-------- Task material

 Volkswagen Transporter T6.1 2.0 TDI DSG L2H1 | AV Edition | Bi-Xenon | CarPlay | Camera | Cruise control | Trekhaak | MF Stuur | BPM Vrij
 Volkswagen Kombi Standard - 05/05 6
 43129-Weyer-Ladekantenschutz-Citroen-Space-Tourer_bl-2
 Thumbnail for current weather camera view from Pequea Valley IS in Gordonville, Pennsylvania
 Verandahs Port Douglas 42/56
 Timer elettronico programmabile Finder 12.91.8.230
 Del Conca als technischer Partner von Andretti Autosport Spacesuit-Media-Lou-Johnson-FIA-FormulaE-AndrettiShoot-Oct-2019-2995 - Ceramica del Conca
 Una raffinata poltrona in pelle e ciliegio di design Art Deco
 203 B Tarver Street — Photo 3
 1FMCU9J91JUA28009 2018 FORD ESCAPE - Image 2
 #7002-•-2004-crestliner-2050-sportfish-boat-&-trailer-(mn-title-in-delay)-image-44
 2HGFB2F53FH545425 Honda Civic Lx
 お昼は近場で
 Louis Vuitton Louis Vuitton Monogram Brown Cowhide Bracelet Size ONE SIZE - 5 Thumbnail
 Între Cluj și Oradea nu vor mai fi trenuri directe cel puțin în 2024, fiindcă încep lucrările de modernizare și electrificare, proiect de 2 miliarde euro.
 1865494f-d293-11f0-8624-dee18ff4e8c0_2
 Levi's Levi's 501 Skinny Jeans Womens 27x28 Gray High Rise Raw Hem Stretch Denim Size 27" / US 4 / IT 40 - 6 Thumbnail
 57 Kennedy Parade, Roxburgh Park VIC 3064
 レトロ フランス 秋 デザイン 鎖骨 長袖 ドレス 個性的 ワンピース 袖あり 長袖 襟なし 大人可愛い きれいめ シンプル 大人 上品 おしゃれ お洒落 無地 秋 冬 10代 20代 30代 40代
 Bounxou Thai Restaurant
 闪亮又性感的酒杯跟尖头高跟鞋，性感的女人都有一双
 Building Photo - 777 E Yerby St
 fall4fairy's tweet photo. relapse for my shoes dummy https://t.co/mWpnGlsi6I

----------------

* About this task: Above are the records; please copy exactly their first line and each line after it through the line containing "203 B Tarver Street — Photo 3", and no line after that.

* Task result:
 Volkswagen Transporter T6.1 2.0 TDI DSG L2H1 | AV Edition | Bi-Xenon | CarPlay | Camera | Cruise control | Trekhaak | MF Stuur | BPM Vrij
 Volkswagen Kombi Standard - 05/05 6
 43129-Weyer-Ladekantenschutz-Citroen-Space-Tourer_bl-2
 Thumbnail for current weather camera view from Pequea Valley IS in Gordonville, Pennsylvania
 Verandahs Port Douglas 42/56
 Timer elettronico programmabile Finder 12.91.8.230
 Del Conca als technischer Partner von Andretti Autosport Spacesuit-Media-Lou-Johnson-FIA-FormulaE-AndrettiShoot-Oct-2019-2995 - Ceramica del Conca
 Una raffinata poltrona in pelle e ciliegio di design Art Deco
 203 B Tarver Street — Photo 3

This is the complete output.